In the TUG Manual, you carry a full cup of water during the test. This adds a physical distraction: you’re managing an object while also navigating the walk and turns. Research on frail older adults found that those whose time increased by more than 4.5 seconds on the TUG Manual compared to the standard TUG were significantly more prone to falls over the following six months.

These dual-task versions are particularly useful because falls in everyday life rarely happen during undistracted walking. They happen when you’re carrying groceries, looking at your phone, or turning to talk to someone. The modified tests capture that real-world complexity.

Where the TUG Is Used

The TUG shows up across a wide range of clinical settings. It’s a staple in geriatric assessments, but clinicians also use it to track mobility changes in people with Parkinson’s disease, recovery after stroke, outcomes following hip or knee replacement, and functional status in people with arthritis or other chronic conditions that affect movement. Because it’s so quick and requires no specialized equipment, it works well as a repeated measure over time, letting clinicians see whether someone’s mobility is improving, stable, or declining.

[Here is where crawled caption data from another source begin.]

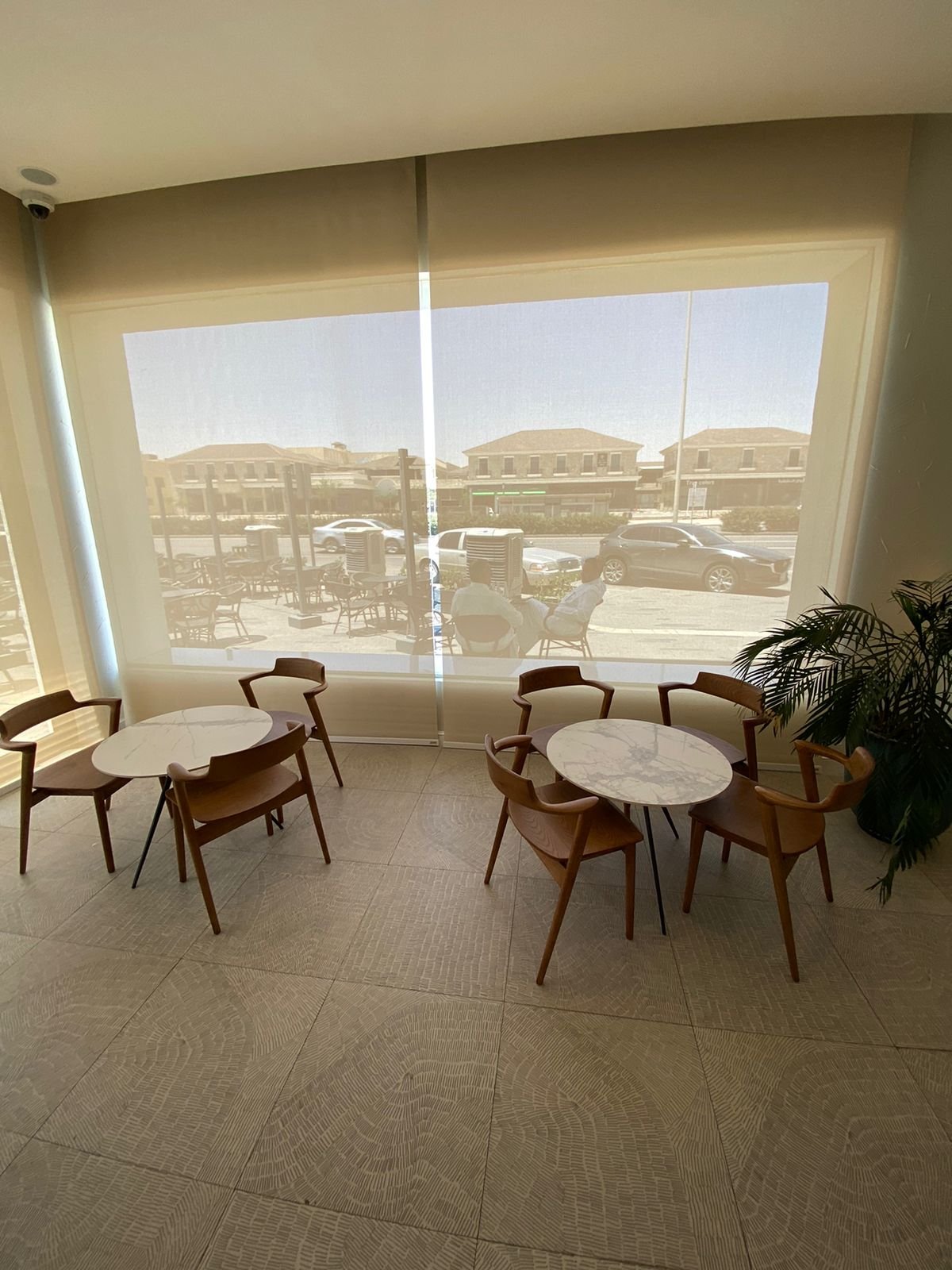 ستائر رول صن اسكرين صورة 2 - صن رول ستاير وكنب ومجالس عربية 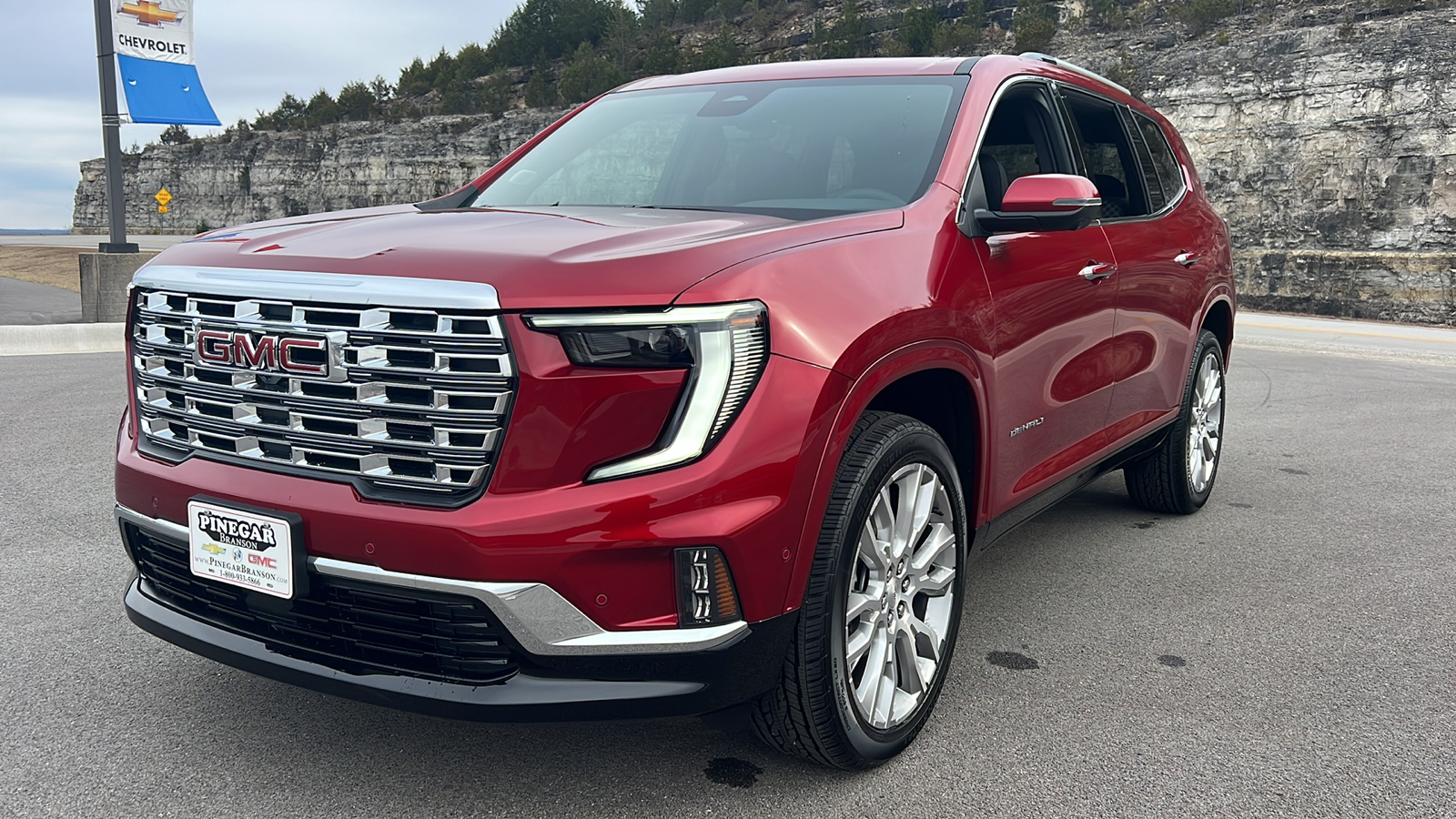 2025 GMC Acadia AWD Denali 3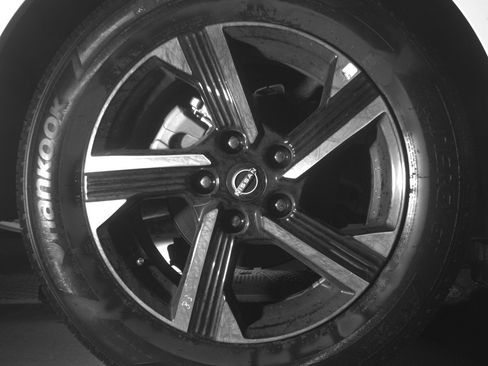 Used 2025 Nissan Sentra SV FWD image 15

Physical therapists often use the TUG as a baseline measurement at the start of a rehabilitation program and then retest periodically to gauge progress. A meaningful improvement is generally considered to be a change of about 3 to 4 seconds, though this varies by population. Smaller changes could reflect normal day-to-day variation rather than genuine improvement.

Strengths and Limitations

The TUG’s biggest advantage is its simplicity. It takes minimal time, needs no equipment beyond a chair and stopwatch, and produces a result that’s easy to interpret and track. It has strong reliability, meaning different clinicians timing the same person will get very similar results, and repeated tests on the same person are consistent.

Its main limitation is that it compresses many different abilities into one number. Two people could both score 15 seconds for entirely different reasons: one might struggle to stand from the chair but walk fine, while the other stands easily but walks very slowly. The single time score doesn’t reveal which component is the problem. Clinicians who want that detail often watch the test carefully and note where the person hesitates or struggles, or they pair the TUG with other assessments that isolate specific abilities like chair-stand tests or gait speed measurements.

The TUG also tends to be more sensitive to mobility problems in frailer populations. In very fit older adults, most people finish well under 12 seconds, making it harder to distinguish between levels of ability at the higher-functioning end. For healthy seniors, it works better as a screening tool to confirm that mobility is intact rather than to detect subtle early decline.